As part of the upcoming lawsuit, you might want to check to make sure that every employee in the database has an age listed. To do that, you could use the Count function:

  Select Count(Age) from Employees

This would return the result:

  4

That is because four fields contain data, and the fifth contains a Null value (or no value), and thus is not counted.

Of course, knowing the number of rows with good data is useless unless we know the number of total rows. To get this result, we would use the Count(*) function.

  Select Count(*) From Employees

The result in this case would be:

  5

Now that we have both the number of rows in our table, and the number of rows missing data from our Age column, we can do the math and know that one row has no data.

But we're not through with Counting yet!
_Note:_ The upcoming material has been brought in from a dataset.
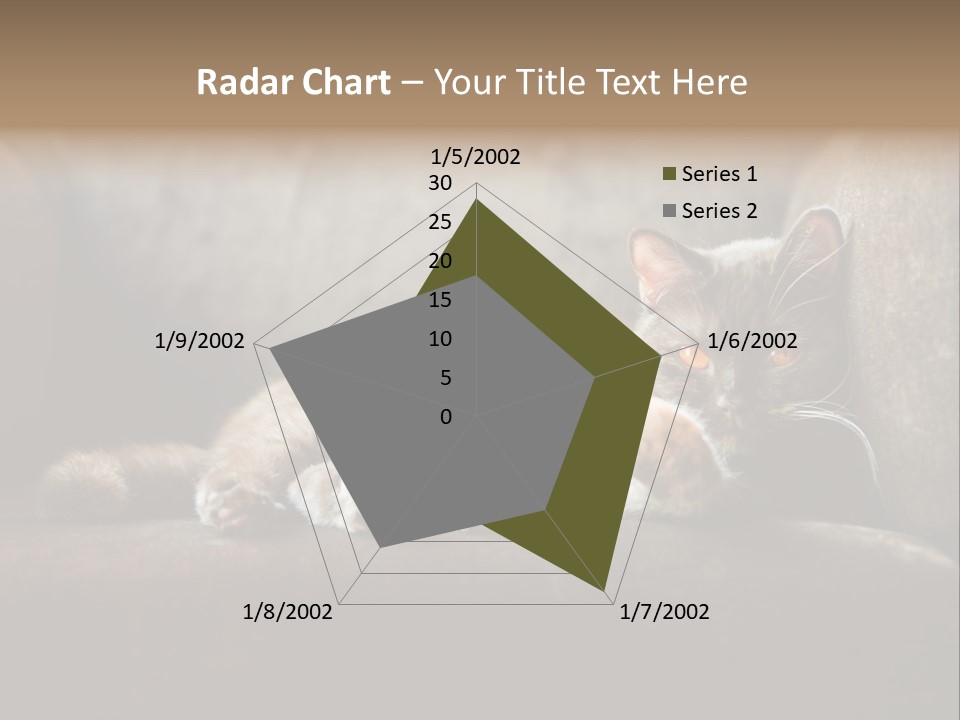 British Cats PowerPoint Template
Remember the Count is OCD, and so are we. Let's fix the database by adding Go-Go Roboto's age, which is 29.

 

Name

Age

Salary

Ang Ree

92

$12,000

Godzilla Nokamura

45

$50,000

Mothra Fujiyama

27

$80,000

King Kong Wong

19

$100,000

Go-Go Roboto

29

$100,000

The next step in our lawsuit will be to find out how many young whipper snappers work for the company. We can also use the Count(*) function for this:

  Select Count(*) from Employees Where Age < 30

This will show us all of the employees aged 29 or less, which in this case, is 3.

Average age is 45, average salary for younger employees is way higher, and there are more youthful employees than old-timers...look out frivolous lawsuit, here we come.